======== DATASET SECTION ========

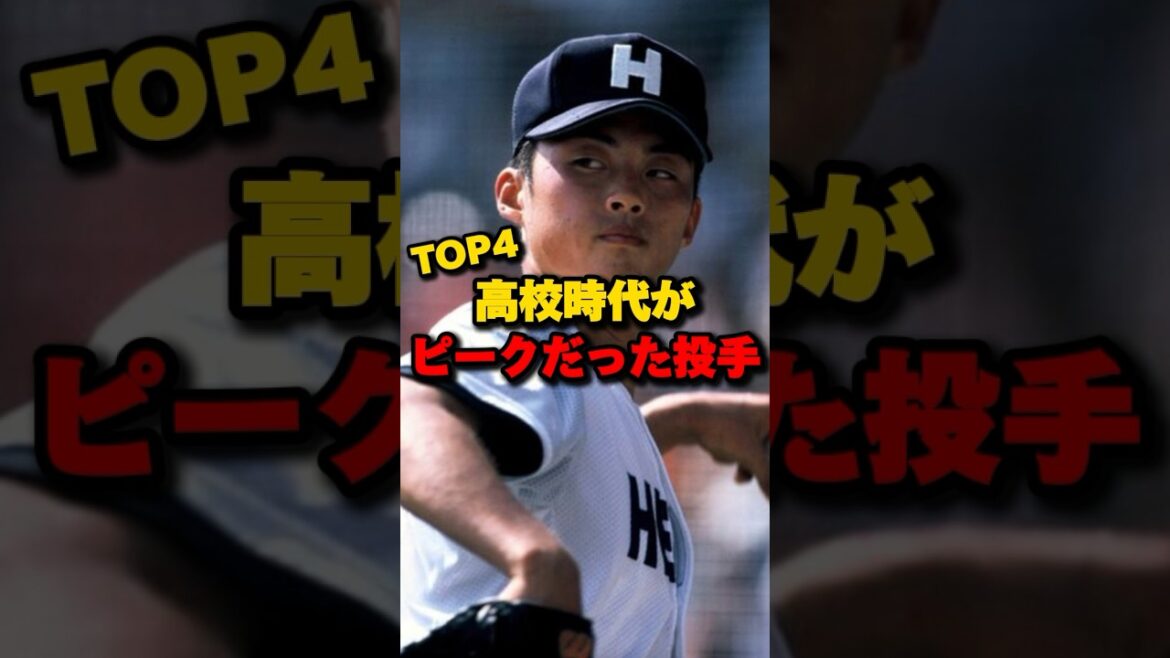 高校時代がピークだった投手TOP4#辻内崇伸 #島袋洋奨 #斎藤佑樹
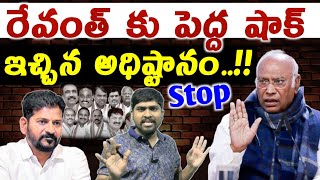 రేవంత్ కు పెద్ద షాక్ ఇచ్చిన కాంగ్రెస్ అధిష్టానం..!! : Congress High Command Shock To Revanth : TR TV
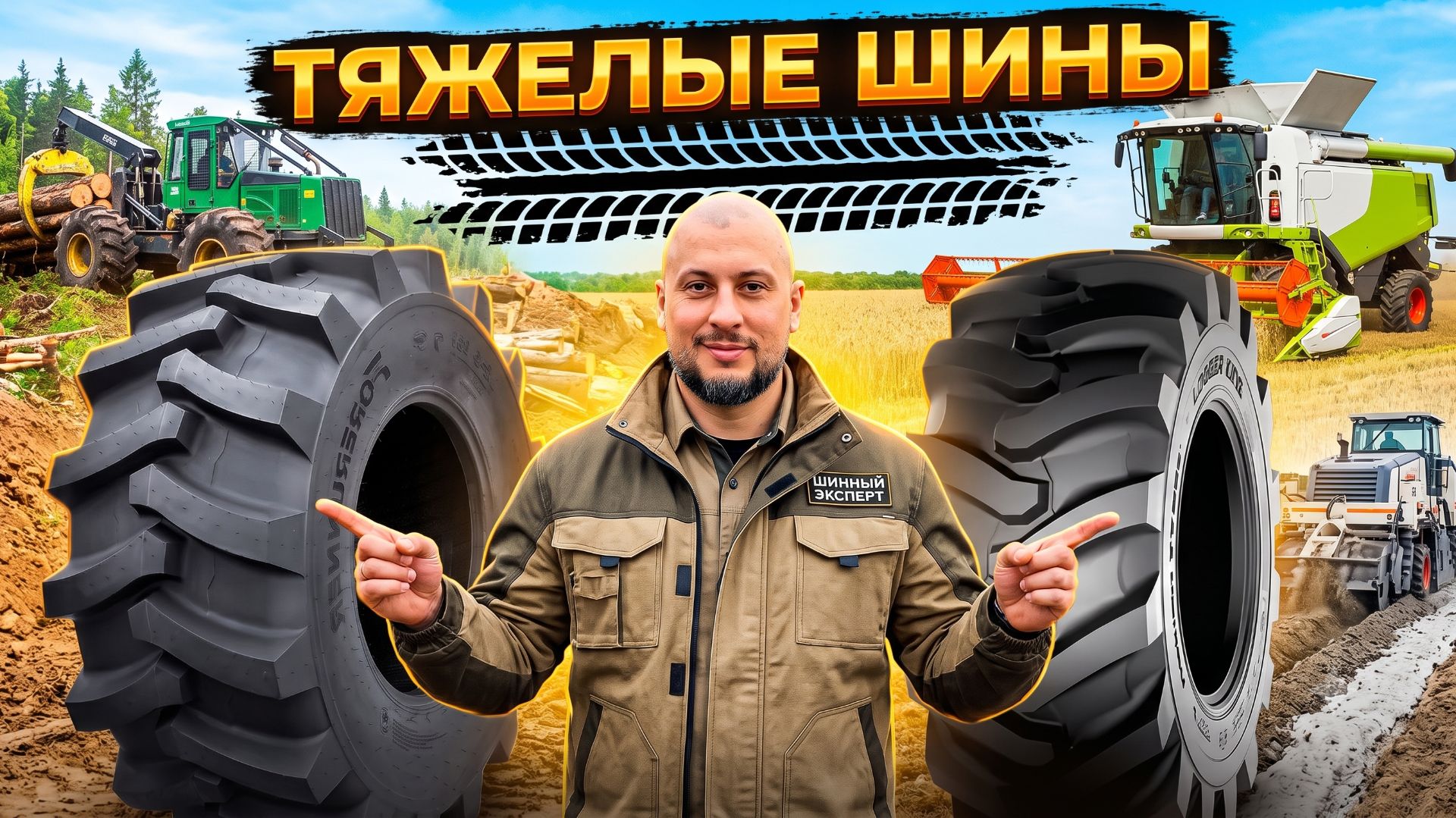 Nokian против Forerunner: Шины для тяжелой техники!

========

Output the material word for word, and keep the pictures out.

» REPLY
 高校時代がピークだった投手TOP4#辻内崇伸 #島袋洋奨 #斎藤佑樹
 రేవంత్ కు పెద్ద షాక్ ఇచ్చిన కాంగ్రెస్ అధిష్టానం..!! : Congress High Command Shock To Revanth : TR TV
 Nokian против Forerunner: Шины для тяжелой техники!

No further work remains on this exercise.